Currently, you have the potential to save Rs.22,000 per month. Assuming you can continue to save this amount for the next four years, the total principal amount accumulated is Rs.10.56 lakh. Do keep in mind that here interest rate is the variable factor. This will depend on the asset allocation, i.e., portfolio mix spread across various asset classes. Typically, debt assets can generate a return equal to inflation rate, of let us say 8%, and for equity assets we can consider an average return of 13% over a four-year period for the time being. Being volatile in nature, equity asset class can generate even more or less, and that is why we call it a volatile asset class. The deciding factor to create the allocation will be your risk appetite, which will determine how much risk can be taken. At the same time, the need of corpus in four years should also be kept in mind.
If you are conservative or want to be conservative, then invest in 100% debt securities, with a targeted return of 8%. The net worth after four years will be Rs.12.48 lakh. As a moderate investor, you may consider capping equity exposure at 30% and the remaining 70% can be invested in debt assets. The targeted return then becomes 9.50% resulting in a net worth of Rs.12.89 lakh. Asset allocation of 50% each will generate an average return of 10.50%, and you will be classified as a medium-risk investor. The net worth here becomes Rs.13.17 lakh.

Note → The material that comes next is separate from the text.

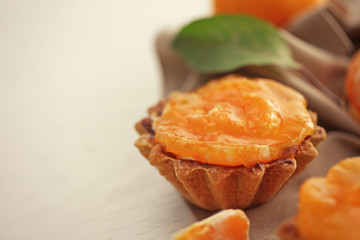 Sweet cakes with tangerines on table, close up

You can create any combination of asset allocation but high exposure to equity, i.e. risk, may not be recommended as you have a financial need to be fulfilled in four years. Only if you are flexible enough and can push this need beyond four years should you consider taking higher exposure to risk.
Further, in the above calculations, we have not considered any increase in your income (and net taxation). An annual increase in income will enable higher savings.
The investments can be started via systematic investment plans on a monthly basis. The debt portfolio can be a combination of short-term mutual funds, and recurring deposits. And the equity portfolio can be a mix of mutual funds—large-cap, multi-cap and balanced funds.